The article goes on to point out the ramifications for other types of organizations, which I will address separately. What it doesn’t address is the impact this is likely to have on investors in these funds. Under the current structure, shareholder communications (with some exceptions) are highly regulated, and in the case of annual reports they are subject to the same Sarbox certification requirements – and level of liability – as the annual audited financials of publicly traded companies. But following the Court’s logic, the liability for violations of Sarbox, or of the terms of the prospectus, can only fall on the fund, not the parent company.

That is bad enough until you consider that the funds by design have no assets of their own – the reason the structure of running as a separate company exists is to shield the income from taxes, so funds-as-companies have no cash of their own. They are minimal organizations.

Taken together, this means that fund companies are now able to violate even the terms they choose to present themselves, and to benefit from the average of 40% profit on management fees from running the funds, while now having no liability for wrongdoing beyond what the fund itself is able to pay, which is nothing.

What this will mean for 401k plans is something I can’t even fathom at this point.

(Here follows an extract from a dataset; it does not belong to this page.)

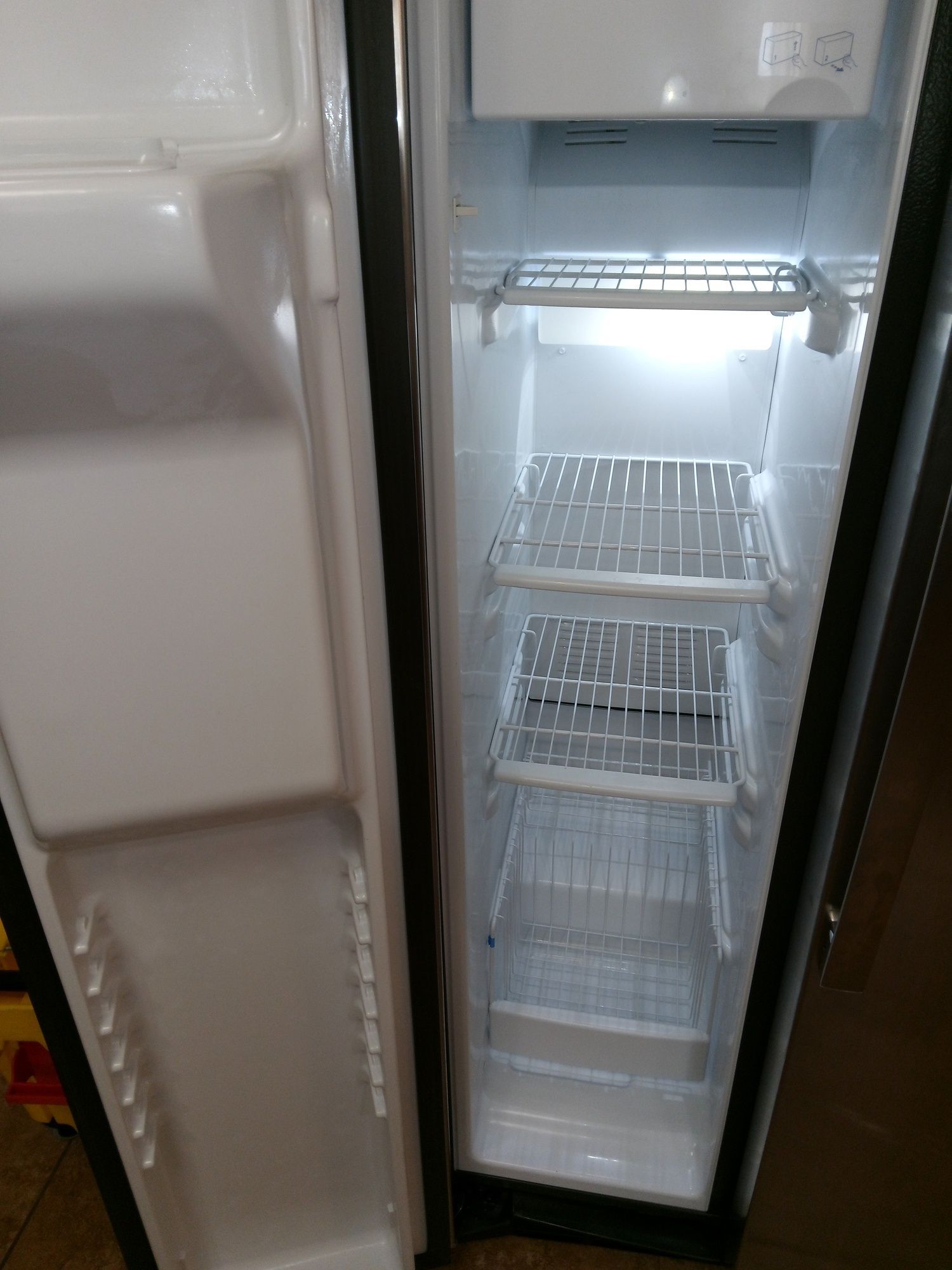The inside of an empty refrigerator with the door open.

I wish I could say the ruling was shocking, but considering the track record of the Roberts Court that would be silly. That said, it is still a bold step into new territory in the dismantling of protections for clients and shareholders, and marks another step away from that quant time when reputational concerns counted for something.

There is at least some poetic justice in the fact that the Janus funds have been in one of their periodic episodes of poor performance. Between bad performance and this clear statement of just what they think of their shareholders, it’s hard to see how the new CEO will be able to “stop the downward slide” he was hired to control.